Shilpanatanam is a style of movement and choreographic vision conceived by Maya Kulkarni that departs from the structures of classical dance technique and conventional dramaturgy. Unlike its predecessor, Shilpanatanam is par excellence a narrative dance form that sidesteps the traditional focus on devotional poetics. Instead, it taps into the wider world of literature and poetry.‘Shilpa’ includes sculptures, paintings, and architecture in its broad meaning while ‘Natanam’ refers to movement, expression, and rhythm. Shilpanatanam brings static images to life with movement and narratives. In it, stories become dancing metaphors about human conditions; they enjoin the past to the present. Such a project requires a new language; Shilpanatanam is that language.
Dancers

Bharathi has over 10 years of professional training in Bharatnatyam under Shri Justin McCarthy.
Her credentials include a Post graduate diploma in Bharatanatyam and a Yoga Teachers Training Program certification from Krishnamacharya Yoga Mandiram.
She has been a part of several performances worldwide, the highlight of which has been her performance as the lead protagonist in an Indian National Award-Winning documentary, O Friend, This Waiting, directed by Justin McCarthy & Sandhya Kumar, and screened in Delhi, Mumbai, Bangalore, San Francisco & Paris. She has appeared in both solo and group performances such as the Dance Season & Drive East events of Navatman Dance Company in New York, the India Revival Group, showcasing Incredible India, in Montreal & Toronto, the Rukmani Devi Arundale Music and Dance Festival, the Sangeeth Natak Academy Awards and in several of Justin McCarthy’s Bharatnatyam Dance productions. Her teaching experiences stem from a combination of working at some of the most prestigious institutions such as Shriram Bharatiya Kala Kendra in New Delhi and Delhi Tamil Sangham.
DR. KAUSTAVI SARKAR
Dr.
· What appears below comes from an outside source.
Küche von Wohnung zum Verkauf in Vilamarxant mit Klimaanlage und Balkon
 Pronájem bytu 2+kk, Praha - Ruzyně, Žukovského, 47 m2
Kaustavi Sarkar, Assistant Professor of Dance at the University of North Carolina in Charlotte, is an Odissi (eastern Indian traditional art form) soloist, scholar, and educator. Disciple of Guru Sujata Mohapatra, Guru Ratikant Mohapatra, and Guru Poushali Mukherjee, Sarkar has received national awards and scholarships from the Ministry of Culture, India. She has represented India at the Commonwealth Day Celebrations in Sri Lanka 2007 and has received numerous national fellowships and awards by the Ministry of Culture and Tourism, India. She has performed over the past two decades as a soloist and as ensemble member with Srjan Guru Kelucharan Mohapatra Dance Ensemble and with Uday Shankar India Culture Center.

A two-time NEA awardee and multiple state and regional grant recipient, Sarkar dedicates her creative and scholarly practice to feminist and queer research and pedagogy. Her choreography and scholarship has been featured in Nritya-Darpan, Erasing Borders, American College Dance Association Conference, Dance Studies Association, World Dance Alliance, and Odissi International. She is the founder and manager of “South Asian Dance Intersections”, a journal dedicated to South Asian dance studies.
Sarkar is dedicated to Dr. Maya Kulkarni’s Shilpanatanam as a research project. She has performed to wide acclaim two pieces choreographed by Kulkarni, Woman with a Parrot and An Impossible Romance in New Jersey, New York, North Carolina, and Ohio.

SHALINI BASU
Shalini Basu is a New York based Indian Classical Dancer. Since 2012, Shalini has been studying Odissi under the tutelage of Guru Kaustavi Sarkar and frequently offers solo performances in Ohio, North Carolina, and New York. In January 2021, Shalini was recognized nationally as the first Odissi dancer to win the National YoungArts award for Dance. Since then, Shalini has gone on to win grants awarded through the Ohio Arts Council to work as an apprentice to master artists such as Maya Kulkarni. In December 2024, Shalini completed her undergraduate thesis on Hierarchies in Indian Classical Dance. Currently, Shalini continues to deepen her mental and physical practice of the Indian Classical Arts through Odissi, under Kaustavi Sarkar, and through Shilpanatanam, under Maya Kulkarni.